### Given material

+===+

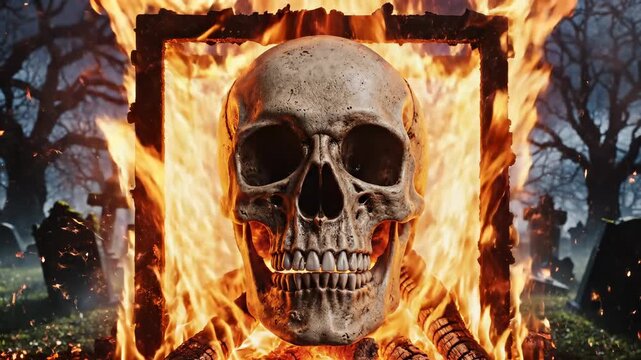 Human skull burning within a wooden frame surrounded by intense flames and embers in a dark, eerie graveyard with silhouetted trees and ancient tombstones under a twilight sky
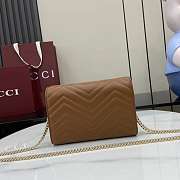 Colestore Gucci GG Marmont Diagonal Matelassé Chain Wallet Brown 20x13x6cm - 4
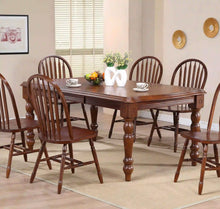 Load image into Gallery viewer, Sunset Trading Andrews 72&quot; Rectangular Extendable Dining Table | Chestnut Brown | Seats 8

+===+

### Your goal
Copy exactly, and copy only, the lines from the one bearing "Colestore Gucci GG" through the closing line of the material, with both ends kept and pictures removed.

### Solution for this exercise
 Colestore Gucci GG Marmont Diagonal Matelassé Chain Wallet Brown 20x13x6cm - 4
 Load image into Gallery viewer, Sunset Trading Andrews 72&quot; Rectangular Extendable Dining Table | Chestnut Brown | Seats 8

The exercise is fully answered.